# Tiel dislikes stepping up and going out



## Abstdh (Dec 11, 2016)

Hello! This is my first time posting on this website. I'm a proud mother of two tiels, Fluffi (4 yrs old) and Sunny (2 yrs old).

I've been through a ton of stuff in the last year and haven't had a chance to bond with the birds a lot —mostly 15 minutes a day if that, longer on the weekends. Sunny was completely fine with those arrangements and is happy with the extra attention I've been able to give the birds recently, but Fluffi wasn't.

She's not scared of my hands; she'll happily accept scratches, as long as it's when I'm sticking a finger through the cage bars. I've worked with her the past month to the point where she'll (cautiously) let me pet her when I open te cage door and use my whole hand to pet her, but she absolutely will not allow being petted outside of the cage. 

Fluffi also dislikes stepping up; she will sometimes, but she's verrrrrry wary about it. If I have her step up when she's inside the cage, it's nearly impossible unless there's a lot of food involved. Any time I offer her my finger (I don't force it on her), she hisses and/or runs away. If I have her step up when she's outside, she does it five times out of ten. If she does, she flies away 1 second later. I can't hold her or even have her standing on my hand for while.

This wan't always the case— when she was a baby (3 months old), she was fine with it, but after I had to spend less time with them, she closed up. I know this is my fault, and I'm hoping to undo the damage.

How can I fix this? Is it just a part of her personality, even though she used to be more trusting? I've looked at many things online, but all of them assume the cockatiel is completely terrfied of the person. Fluffi isn't. As I said, she'll let me pet her and she absolutely loves it, unless she's outside the cage. 

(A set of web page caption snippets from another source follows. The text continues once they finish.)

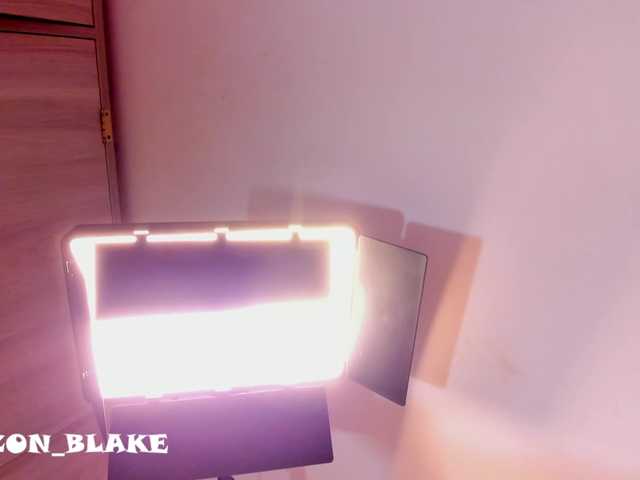 Alizzon-blake live cam on BongaCams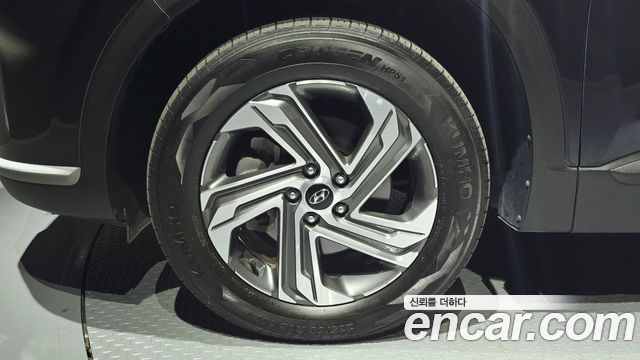 Hyundai Santafe 2023 — photo 5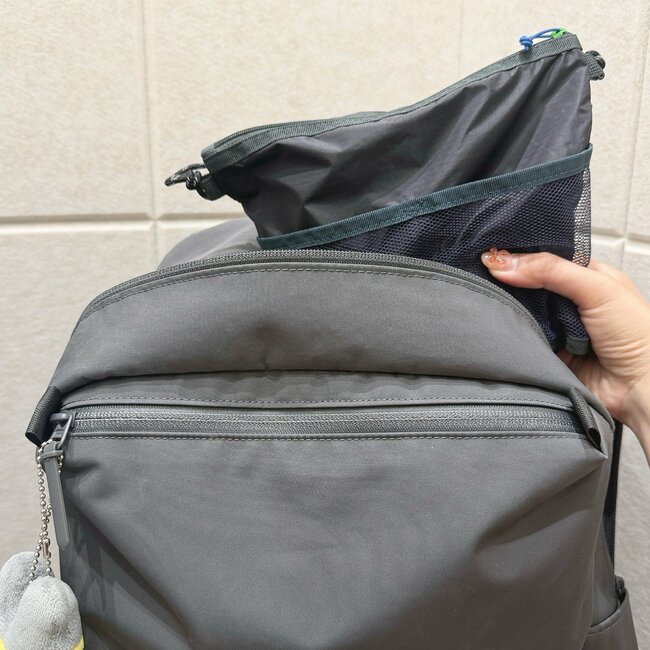 【ファミマ】「ラス1で買えた」約50gの“めちゃ軽バッグ”がポケットたくさんで便利！「もう一つほしいな」「可愛すぎて一目惚れ」《購入レビュー》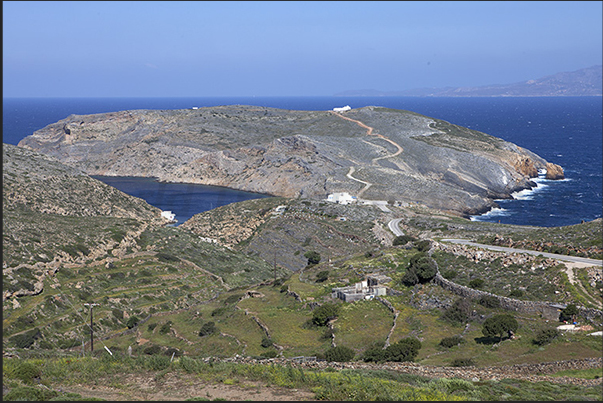 On the left Heronissos bay, north point of Sifnos and, on the horizon, the island of Serifos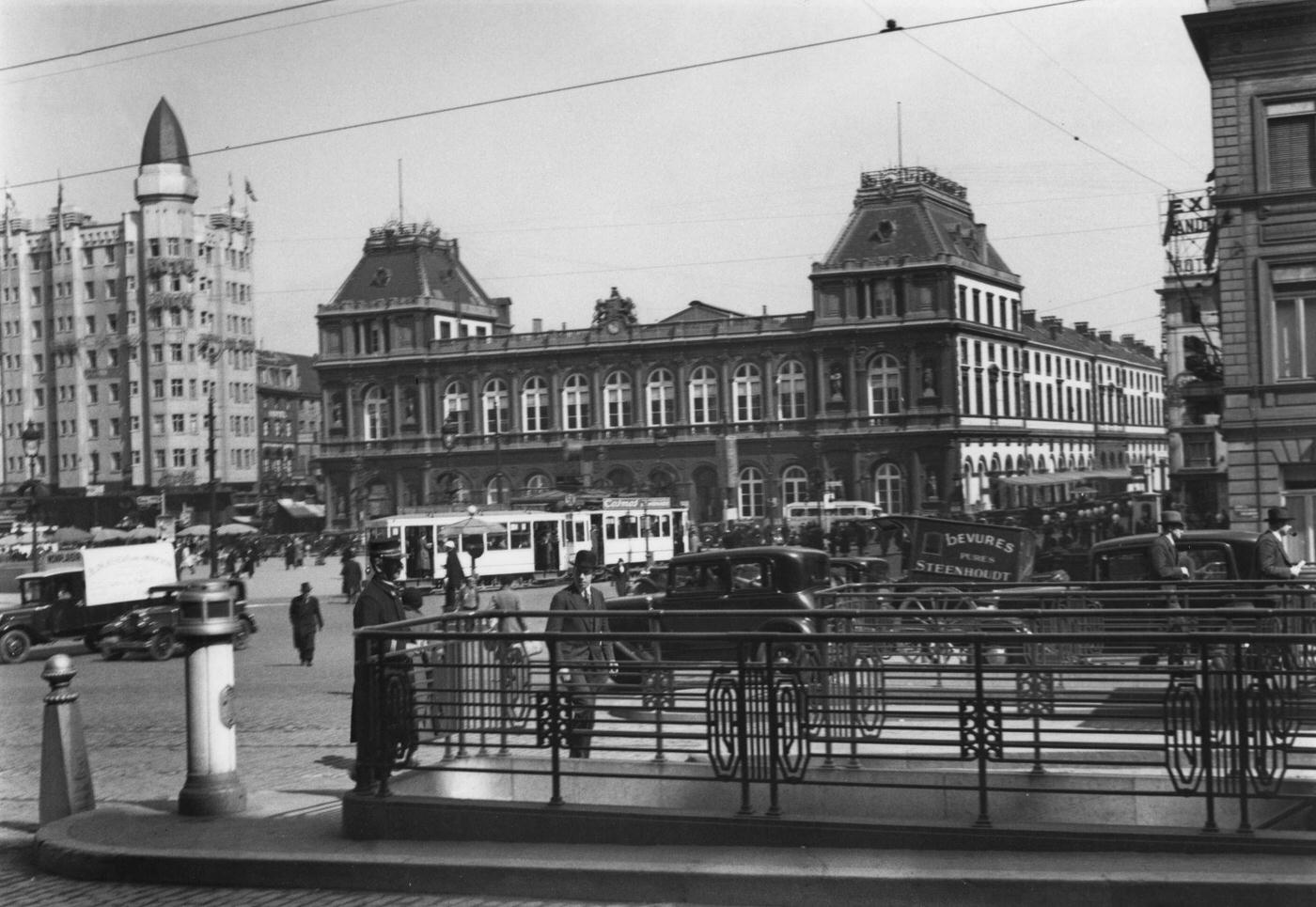 #7 Belgian City, 1955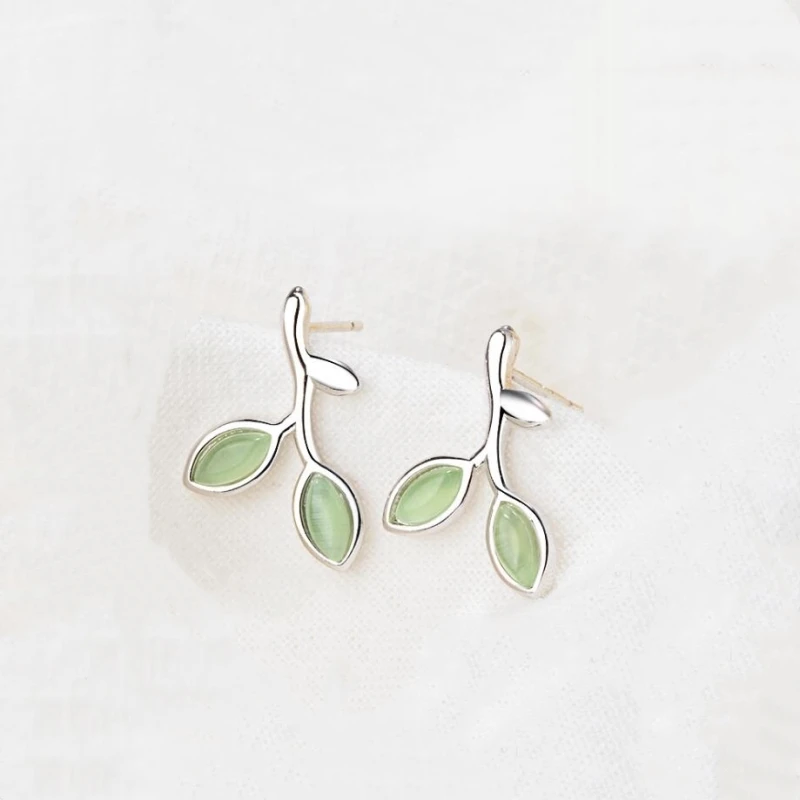 

Sole Memory Tender Bud Fresh Opal Sweet Leaf Silver Color Temperament Personality Fashion Female Stud Earrings SEA420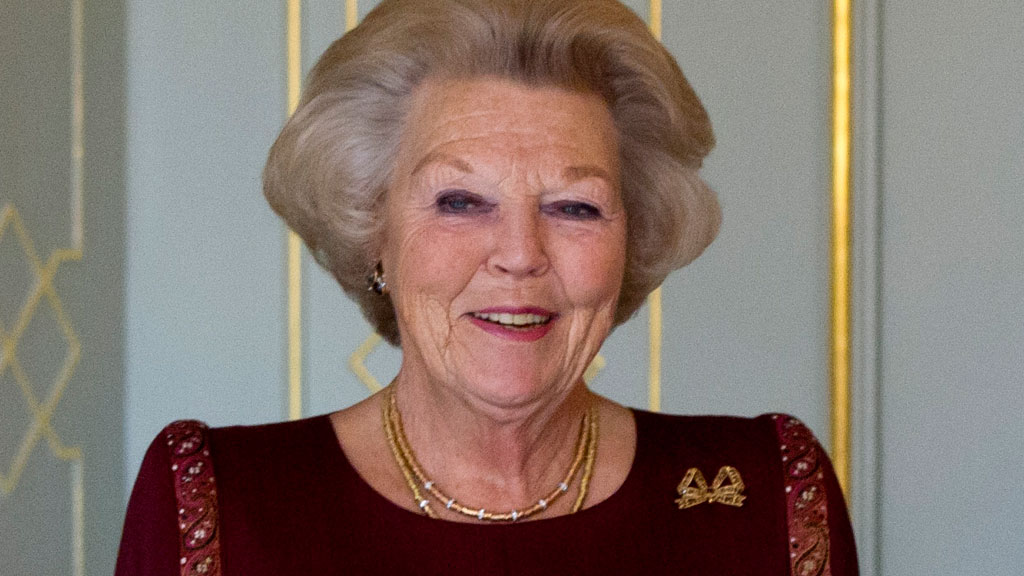 Koningin Beatrix doet afstand van de troon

Sunny went through the same thing as Fluffi, but she's still very friendly and cuddly in and out of the cage... not sure why.

Any advice?


----------



## roxy culver (May 27, 2010)

It is a trust issue. She may not like your fingers as much as you think. Tiels have to believe that the surface they are stepping on is stable, which is why they use their beaks to test things out. If she doesn't trust your hand is stable she won't step up.

The best way to work with this is with millet and away from the cage/other bird, like in another room. This way, her whole attention is on you, not on trying to get back to the cage or other bird. 15 minutes a day is a good time to work with her, it gives her time to focus without losing her attention. Ladder training worked well for me in training stepping up, as the bird was constantly stepping up and it was a game more than me making a request. I used millet to start but eventually that wasn't needed anymore. It's going to take time and patience to get her to trust you again.


----------



## Lore (Dec 5, 2016)

How does Fluffi respond when you are interacting with Sunny? I heard that raising a second bird (older or younger) can be easier when the first bird is already very tame, because the second bird will copy the behaviour of the first one.
Of course it would also depend on how much Sunny trusts you. Does Sunny always step up and let you pet her outside and inside of the cage, or does she also have her 'moments' when she doesn't do this?

I suggest trying what Roxy suggested and train with Fluffi separately, about 15 minutes a day. In addition you can still interact with both of them at the same time, maybe if Fluffi sees how much fun Sunny has interacting with you, she'll want the same and grow to trust you more again 

Good luck, and let us know how things go with your fids!


----------



## Abstdh (Dec 11, 2016)

Thank you both for your replies!



roxy culver said:


> It is a trust issue. She may not like your fingers as much as you think. Tiels have to believe that the surface they are stepping on is stable, which is why they use their beaks to test things out. If she doesn't trust your hand is stable she won't step up.
> 
> The best way to work with this is with millet and away from the cage/other bird, like in another room. This way, her whole attention is on you, not on trying to get back to the cage or other bird. 15 minutes a day is a good time to work with her, it gives her time to focus without losing her attention. Ladder training worked well for me in training stepping up, as the bird was constantly stepping up and it was a game more than me making a request. I used millet to start but eventually that wasn't needed anymore. It's going to take time and patience to get her to trust you again.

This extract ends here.